A recent report reveals that TransUnion's stock has received a 77% rating based on the P/B Growth Investor model, indicating solid fundamentals and valuation. The company's growth potential is highlighted, despite some areas where it does not meet expectations.

Date: 
AI Rating:   6

TransUnion (TRU) is evaluated using the P/B Growth Investor strategy, scoring 77%. This rating, derived from 22 guru strategies, reflects strong underlying fundamentals and a favorable stock valuation. Generally, a score above 80% indicates investor interest, while a score above 90% suggests strong interest.

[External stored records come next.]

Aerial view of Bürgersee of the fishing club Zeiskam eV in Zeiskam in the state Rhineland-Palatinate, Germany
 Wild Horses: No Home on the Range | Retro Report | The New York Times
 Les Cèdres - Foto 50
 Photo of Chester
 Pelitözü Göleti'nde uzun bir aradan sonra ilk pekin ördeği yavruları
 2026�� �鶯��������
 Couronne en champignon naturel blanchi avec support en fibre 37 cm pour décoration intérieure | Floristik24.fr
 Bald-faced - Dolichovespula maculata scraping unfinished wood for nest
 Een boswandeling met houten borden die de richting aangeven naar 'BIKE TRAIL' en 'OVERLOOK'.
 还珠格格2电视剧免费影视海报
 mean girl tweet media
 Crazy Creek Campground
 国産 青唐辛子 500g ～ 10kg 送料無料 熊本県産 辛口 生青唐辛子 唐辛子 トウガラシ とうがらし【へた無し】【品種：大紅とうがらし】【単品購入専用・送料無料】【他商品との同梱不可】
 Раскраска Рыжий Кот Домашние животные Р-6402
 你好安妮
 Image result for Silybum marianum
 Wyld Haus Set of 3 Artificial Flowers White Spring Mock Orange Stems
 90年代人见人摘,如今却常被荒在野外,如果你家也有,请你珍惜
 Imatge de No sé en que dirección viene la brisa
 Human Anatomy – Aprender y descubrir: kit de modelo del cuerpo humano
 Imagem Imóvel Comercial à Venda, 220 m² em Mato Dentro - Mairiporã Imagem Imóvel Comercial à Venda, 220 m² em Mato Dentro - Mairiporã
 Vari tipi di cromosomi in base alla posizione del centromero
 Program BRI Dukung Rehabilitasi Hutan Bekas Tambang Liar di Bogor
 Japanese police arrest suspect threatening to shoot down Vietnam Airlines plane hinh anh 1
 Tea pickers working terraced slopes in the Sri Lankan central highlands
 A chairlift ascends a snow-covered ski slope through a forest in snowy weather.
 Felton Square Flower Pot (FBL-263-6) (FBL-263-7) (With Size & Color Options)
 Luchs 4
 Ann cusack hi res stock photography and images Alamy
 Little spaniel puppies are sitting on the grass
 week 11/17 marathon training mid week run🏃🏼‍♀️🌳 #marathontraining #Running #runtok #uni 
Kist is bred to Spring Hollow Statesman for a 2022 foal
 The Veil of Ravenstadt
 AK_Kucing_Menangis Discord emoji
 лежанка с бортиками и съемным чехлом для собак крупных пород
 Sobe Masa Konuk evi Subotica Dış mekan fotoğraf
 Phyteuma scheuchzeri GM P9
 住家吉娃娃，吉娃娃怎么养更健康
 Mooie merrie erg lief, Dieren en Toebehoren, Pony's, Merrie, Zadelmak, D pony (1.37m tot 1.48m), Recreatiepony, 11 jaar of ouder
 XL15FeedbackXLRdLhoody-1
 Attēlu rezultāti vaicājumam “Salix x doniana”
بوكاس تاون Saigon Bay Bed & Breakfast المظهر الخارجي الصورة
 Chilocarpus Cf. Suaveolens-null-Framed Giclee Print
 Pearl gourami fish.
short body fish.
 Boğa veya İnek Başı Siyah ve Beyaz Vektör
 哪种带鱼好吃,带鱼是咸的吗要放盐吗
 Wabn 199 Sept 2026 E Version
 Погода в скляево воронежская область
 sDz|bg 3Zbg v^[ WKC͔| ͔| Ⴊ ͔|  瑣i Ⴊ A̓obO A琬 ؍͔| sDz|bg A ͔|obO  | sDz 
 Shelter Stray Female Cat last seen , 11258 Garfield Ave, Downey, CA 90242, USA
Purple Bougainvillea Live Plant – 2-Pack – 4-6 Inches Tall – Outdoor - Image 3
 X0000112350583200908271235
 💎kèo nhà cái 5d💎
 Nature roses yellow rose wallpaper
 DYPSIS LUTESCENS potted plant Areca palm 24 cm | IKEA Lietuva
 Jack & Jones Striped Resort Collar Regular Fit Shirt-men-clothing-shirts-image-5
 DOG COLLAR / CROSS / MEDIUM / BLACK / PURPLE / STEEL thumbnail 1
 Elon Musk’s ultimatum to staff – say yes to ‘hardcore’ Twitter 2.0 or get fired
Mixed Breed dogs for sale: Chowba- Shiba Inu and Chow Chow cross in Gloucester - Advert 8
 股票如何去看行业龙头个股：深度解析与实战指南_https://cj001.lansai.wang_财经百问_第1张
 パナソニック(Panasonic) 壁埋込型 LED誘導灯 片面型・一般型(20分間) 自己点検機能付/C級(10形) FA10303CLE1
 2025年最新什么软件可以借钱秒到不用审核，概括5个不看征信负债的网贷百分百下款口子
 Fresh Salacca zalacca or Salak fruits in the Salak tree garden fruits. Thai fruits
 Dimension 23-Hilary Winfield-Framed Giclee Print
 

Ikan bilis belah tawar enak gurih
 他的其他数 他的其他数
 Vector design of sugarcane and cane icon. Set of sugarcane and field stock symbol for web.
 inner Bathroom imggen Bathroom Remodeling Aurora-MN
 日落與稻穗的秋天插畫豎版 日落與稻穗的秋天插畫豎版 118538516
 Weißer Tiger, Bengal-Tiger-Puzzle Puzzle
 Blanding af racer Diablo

The report outlines several strengths where TRU passes the evaluation criteria, including:

  • Book/Market Ratio: PASS
  • Return on Assets: PASS
  • Cash Flow from Operations to Assets: PASS
  • Cash Flow from Operations to Assets vs. Return on Assets: PASS
  • Return on Assets Variance: PASS
  • Sales Variance: PASS
  • Capital Expenditures to Assets: PASS

However, it also indicates areas where the company did not meet expectations:

  • Advertising to Assets: FAIL
  • Research and Development to Assets: FAIL

The Green ratings suggest that TRU is performing well in terms of efficiency and asset management, which are attractive features for potential investors. Yet, the red ratings point to shortcomings in advertising and R&D investment that could impact long-term growth and innovation strategies.

Overall, the strong rating reflects positively on TransUnion, making it an attractive option for growth-oriented investors despite some challenges that could limit its potential.